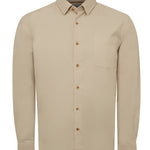 Camisa Algodón Orgánico Hombre Anzio Beige Rockford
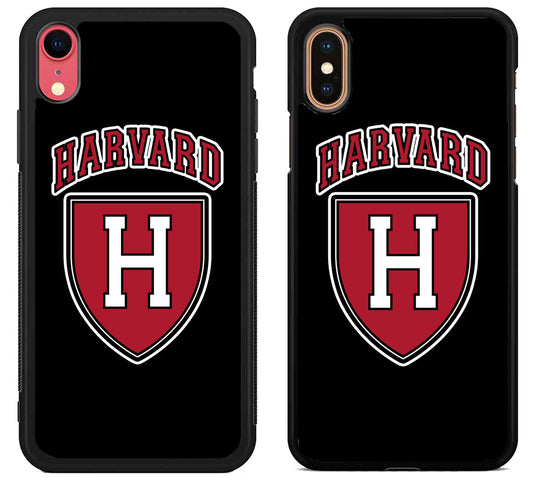 Harvard Crimson Black iPhone X | Xs | Xr | Xs Max Case
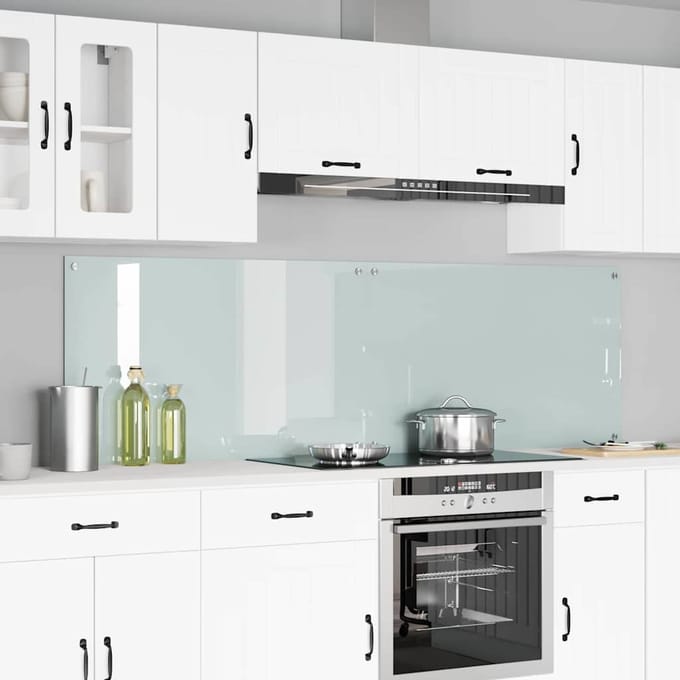 vidaXL - Keukenachterwand - 2 - st - Wit - 100 - x - 60 - cm - gehard - glas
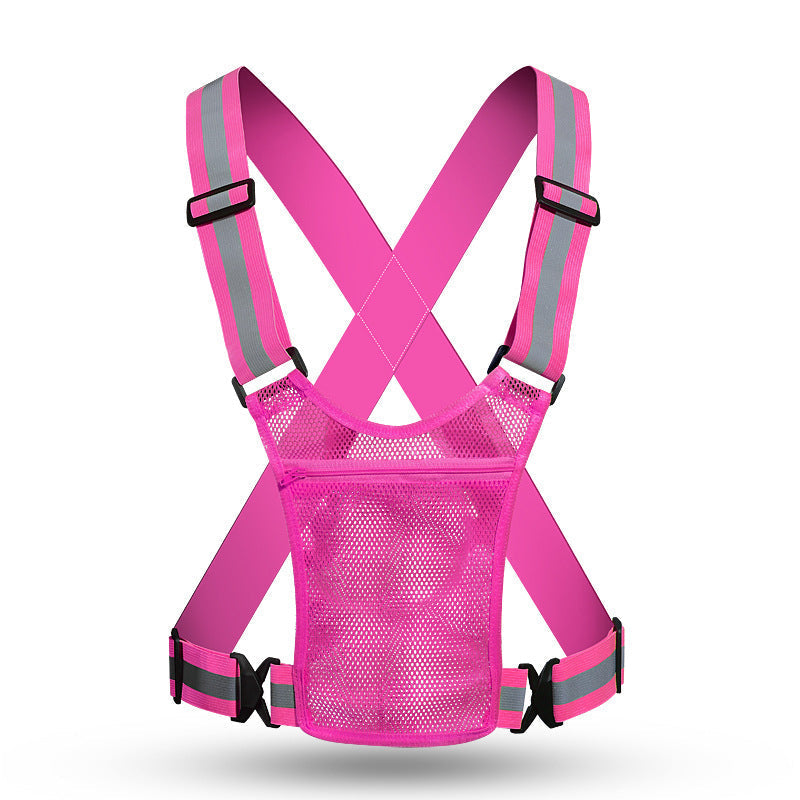 Rose red_Reflective Vest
^^^^^^^^^^^^^^^^
▶ EXERCISE INSTRUCTIONS
Omit the pictures and write out the lines above from the one with "vidaXL - Keukenachterwand" through the last, unchanged.

▶ RESULT OF THE TASK
 vidaXL - Keukenachterwand - 2 - st - Wit - 100 - x - 60 - cm - gehard - glas
 Rose red_Reflective Vest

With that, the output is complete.